→ How to complete this task:
Every record should be copied exactly, except that pictures are to be omitted.

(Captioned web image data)
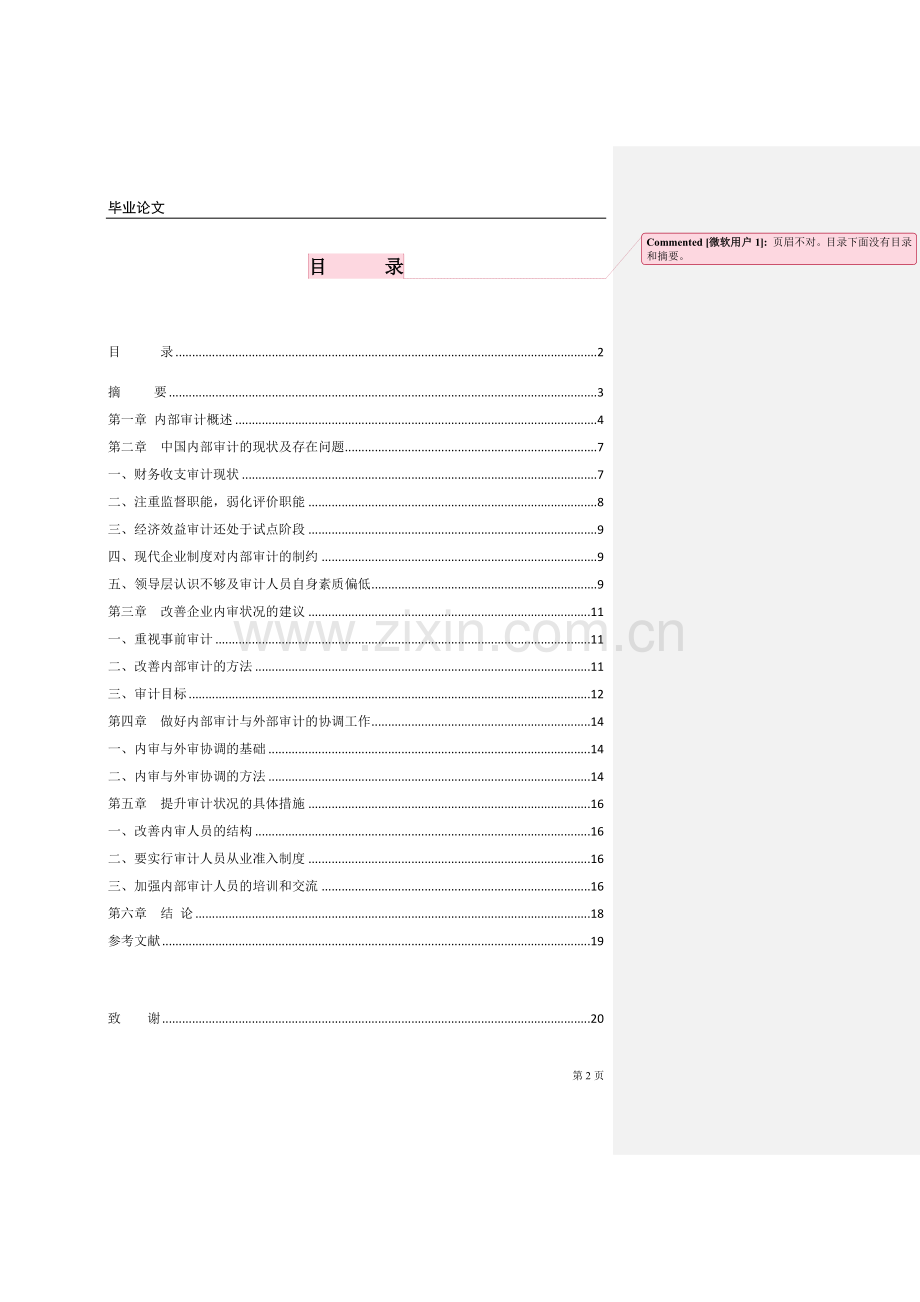 吉林大学毕业论文-内部审计方向.doc_第3页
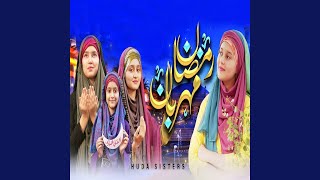 Download lagu Ramzan Maharban mp3 Download lagu Ramzan Maharban mp3
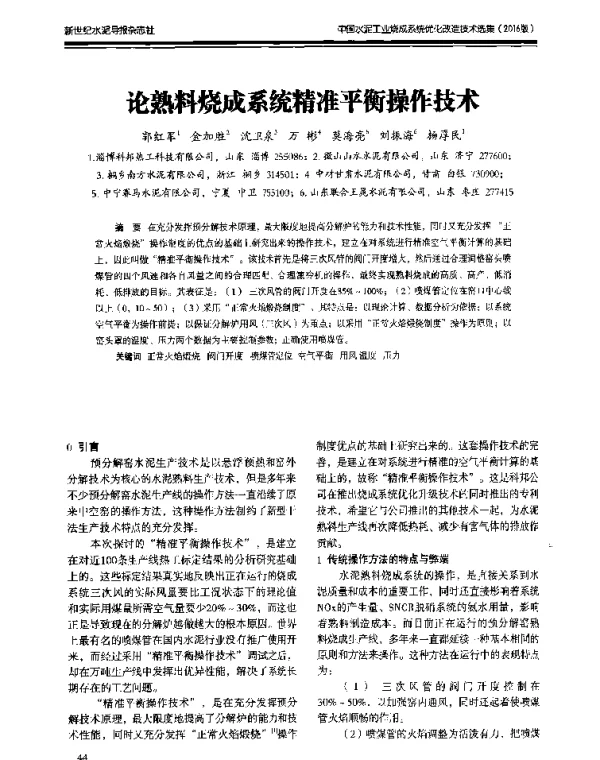 论熟料烧成系统精准平衡操作技术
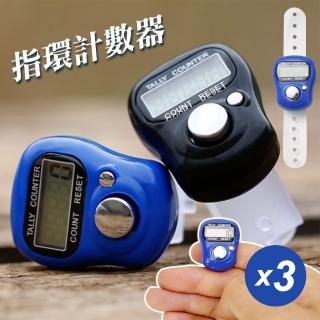 【神崎家居】指環型手按計數器3入組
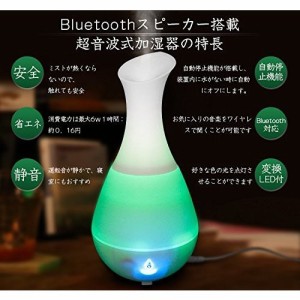 送料無料 超音波式 加湿器 アロマディフューザー 卓上加湿器 Bluetoothスピーカー搭載 音楽機能付 7色変換LED搭載 空気清浄機 芳香器 空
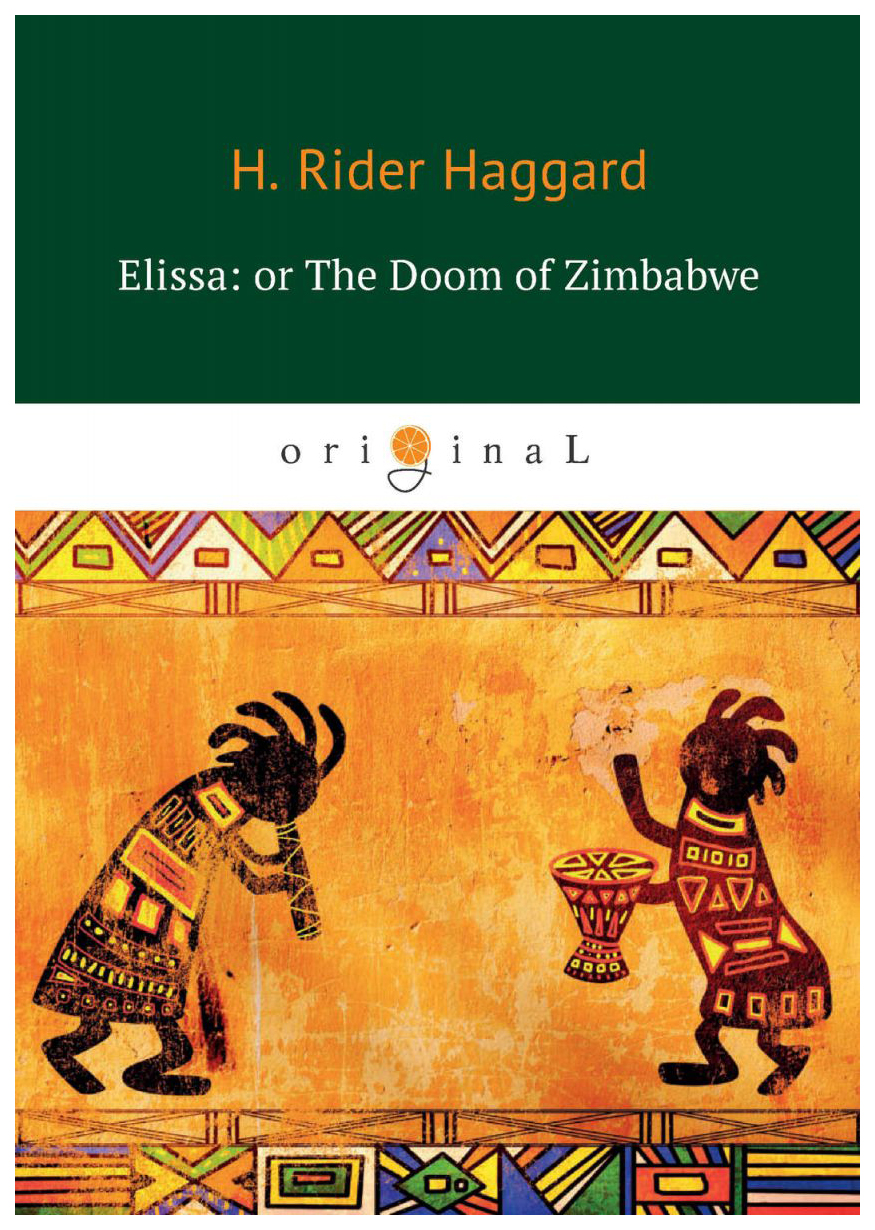 фото Книга elissa: or the doom of zimbabwe rugram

→ Response to the task:
 吉林大学毕业论文-内部审计方向.doc_第3页
 Download lagu Ramzan Maharban mp3 Download lagu Ramzan Maharban mp3
 论熟料烧成系统精准平衡操作技术
 【神崎家居】指環型手按計數器3入組
 送料無料 超音波式 加湿器 アロマディフューザー 卓上加湿器 Bluetoothスピーカー搭載 音楽機能付 7色変換LED搭載 空気清浄機 芳香器 空
 фото Книга elissa: or the doom of zimbabwe rugram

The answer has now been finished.